Pattern 4: Matrix Operations
Matrix problems require careful index mapping: Rotate Image 90 degrees clockwise (in-place): transpose the matrix (swap matrix[i][j] with matrix[j][i]), then reverse each row. O(N^2) time, O(1) space. Counter-clockwise: reverse each row first, then transpose. Or: transpose then reverse each column. Spiral Order: traverse the matrix in spiral order. Maintain four boundaries (top, bottom, left, right). Traverse: left-to-right (top row), top-to-bottom (right column), right-to-left (bottom row), bottom-to-top (left column). After each traversal, shrink the boundary. Stop when boundaries cross. Set Matrix Zeroes: if matrix[i][j] == 0, set entire row i and column j to zero. Naive: O(MN) extra space. Optimized: use the first row and first column as markers. First pass: for each zero, mark matrix[i][0] = 0 and matrix[0][j] = 0. Second pass: set cells to zero based on markers. Handle the first row and column separately (they were used as markers). O(1) extra space. Search a 2D Matrix: if rows are sorted and each row starts after the previous row ends, treat as a 1D sorted array and binary search. If rows and columns are independently sorted, start from top-right corner and eliminate a row or column each step: O(M+N).

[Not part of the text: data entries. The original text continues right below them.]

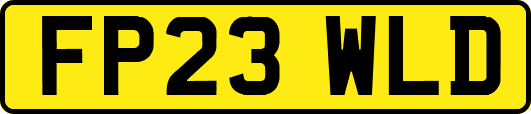 FP23WLD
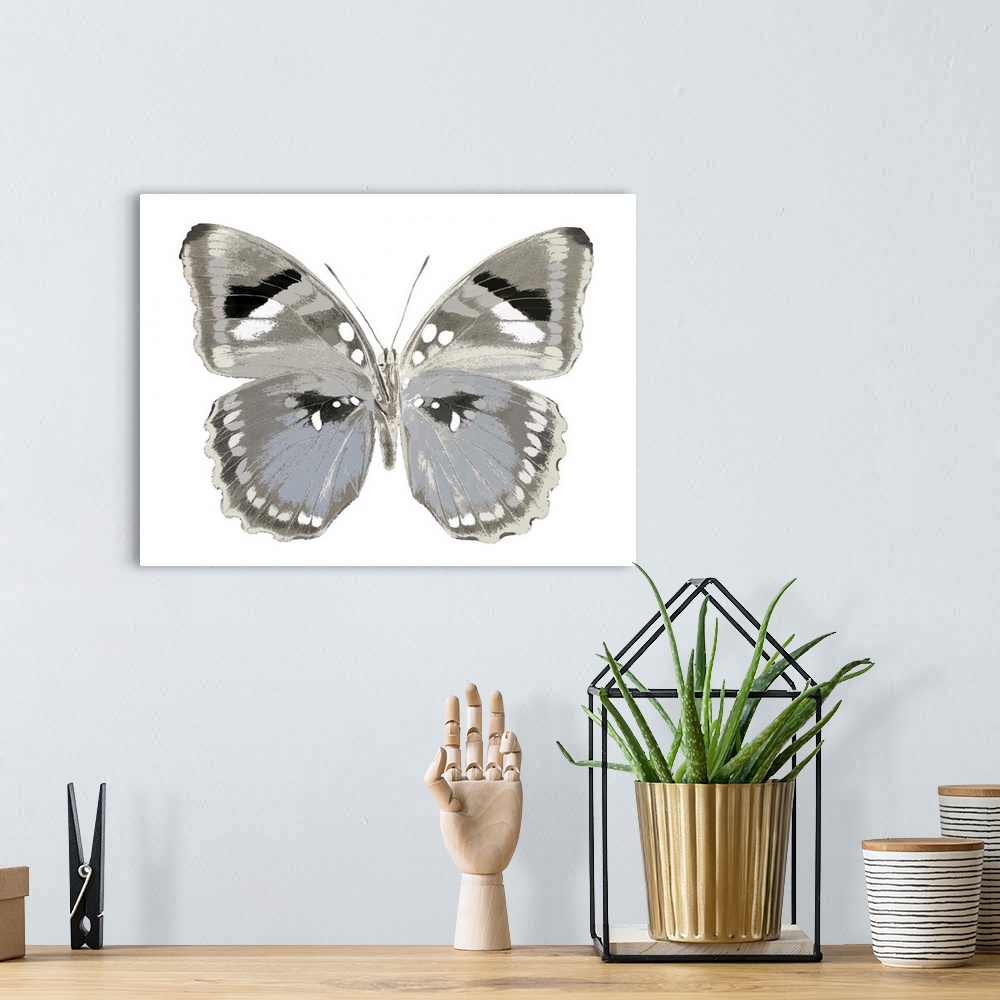 A bohemian room featuring Illustration of a blue, gray, black, and white butterfly on a white background.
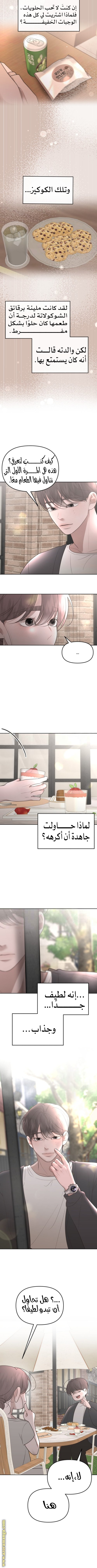 الصفحة 8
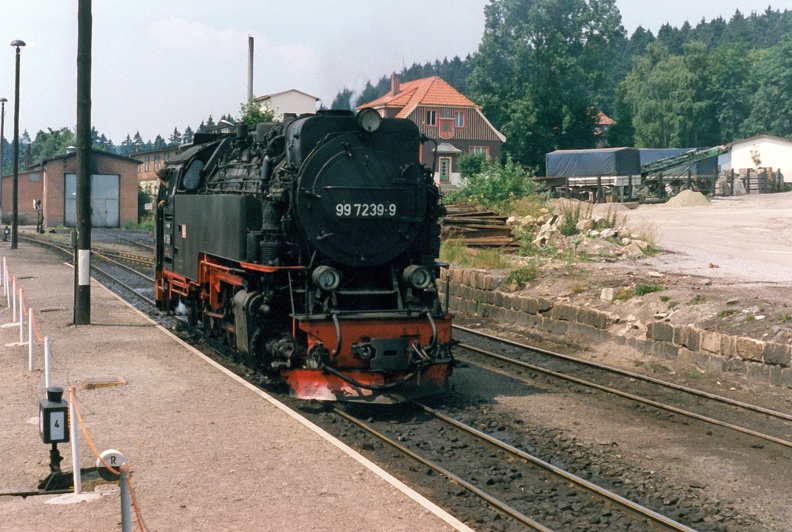 1990-06-23-Harz-Benneckenstein-001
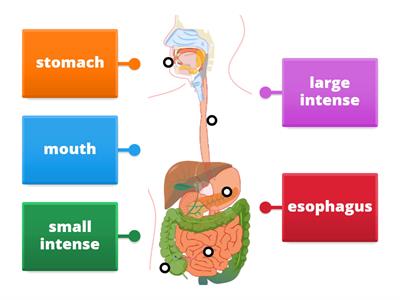  human digestive system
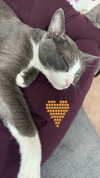 ritadim0 Altpins Profile Picture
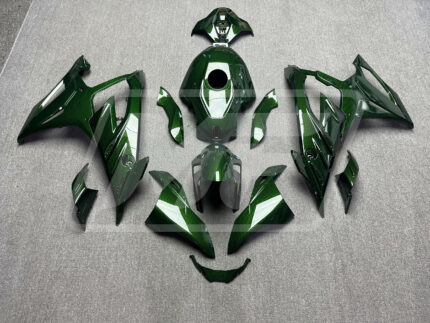 BMW S1000RR 2023-2024 Gloss Green Carbon Fiber Style ABS Fairings | Monster Fairings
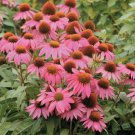 Pink Coneflower 50 Seeds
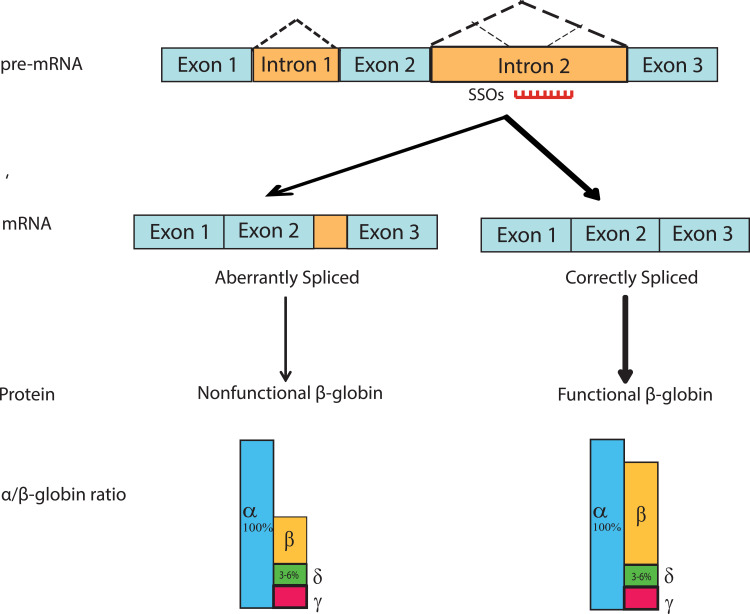 Nucleic Acid Therapy for β-Thalassemia.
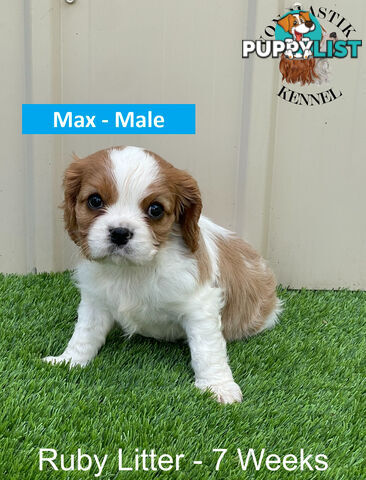 Cavalier King Charles Spaniel For Sale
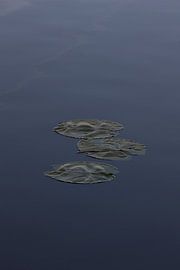 Wasserlilie von Maarten Borsje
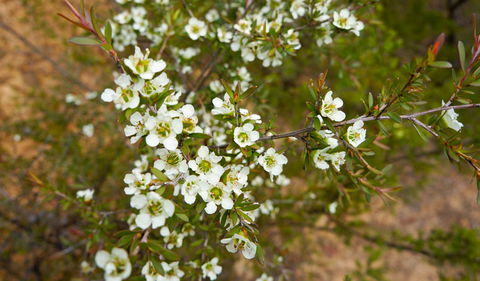 Six Foot Walking Track - Timeshare Accommodation 2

Pattern 5: Interval Problems
Interval problems use sorting + linear scan: Merge Intervals: sort by start time. Iterate: if current overlaps previous (current.start <= prev.end), merge by extending prev.end = max(prev.end, current.end). Else start new merged interval. Time: O(N log N). Insert Interval: find the insertion position, merge with any overlapping intervals. Three phases: add all intervals that end before the new interval starts, merge all overlapping intervals with the new interval, add all intervals that start after the new interval ends. Non-Overlapping Intervals (minimum removals): sort by end time. Greedily select the earliest-ending interval. Count intervals that conflict with the selected one (remove them). Answer: total – selected. Interval List Intersections: two sorted lists of intervals. Two pointers, one per list. At each step: the intersection is [max(starts), min(ends)] if max(starts) <= min(ends). Advance the pointer with the earlier end. Meeting Rooms: sort by start. If any interval overlaps the previous, cannot attend all meetings. For minimum rooms: use a min-heap of end times (Meeting Rooms II).